* Listed entries *

---------------

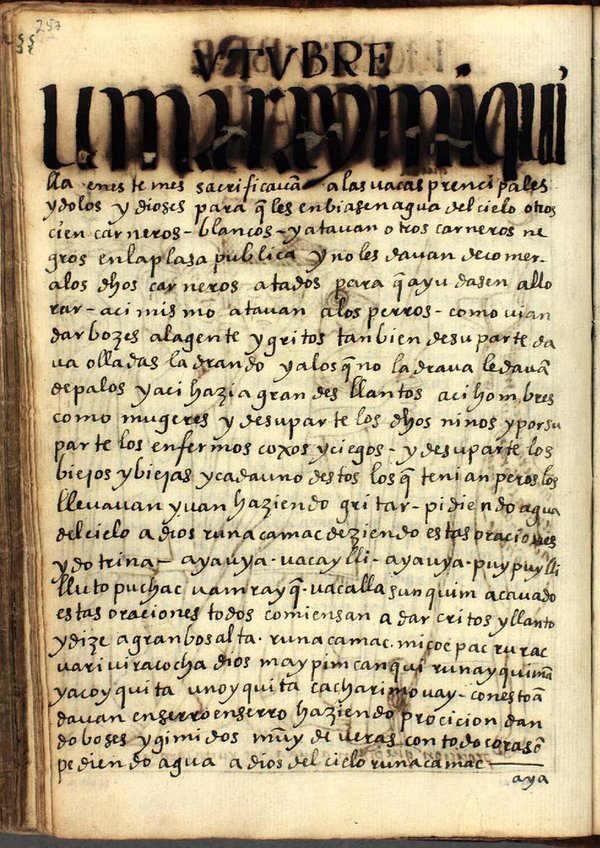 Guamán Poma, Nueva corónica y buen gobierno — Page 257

---------------

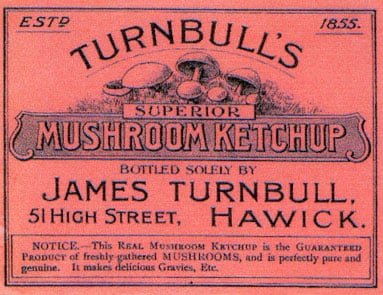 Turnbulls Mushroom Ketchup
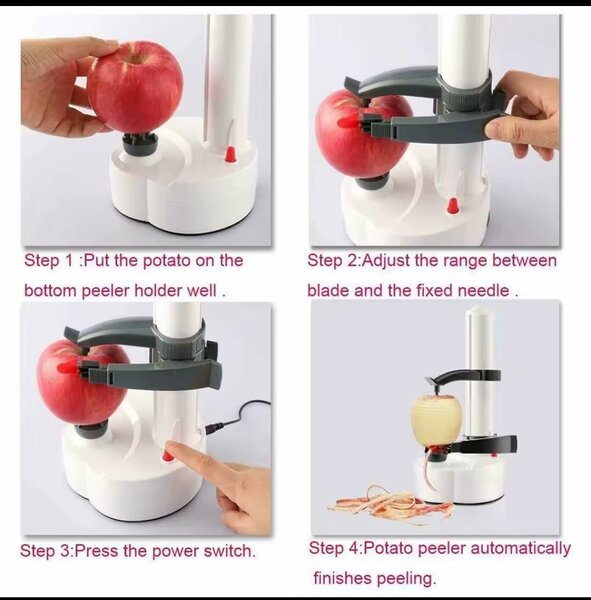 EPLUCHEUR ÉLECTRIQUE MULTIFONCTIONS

---------------

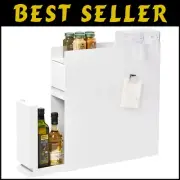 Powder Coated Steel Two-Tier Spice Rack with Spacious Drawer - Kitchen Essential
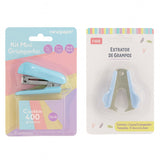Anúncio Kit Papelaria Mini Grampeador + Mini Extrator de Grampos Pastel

---------------

* Exercise objective *
Your output should be the lines above from the one that contains "Turnbulls Mushroom Ketchup" through the one that contains "EPLUCHEUR ÉLECTRIQUE MULTIFONCTIONS", word for word, with pictures left out.

* Response for this exercise *
 Turnbulls Mushroom Ketchup
 EPLUCHEUR ÉLECTRIQUE MULTIFONCTIONS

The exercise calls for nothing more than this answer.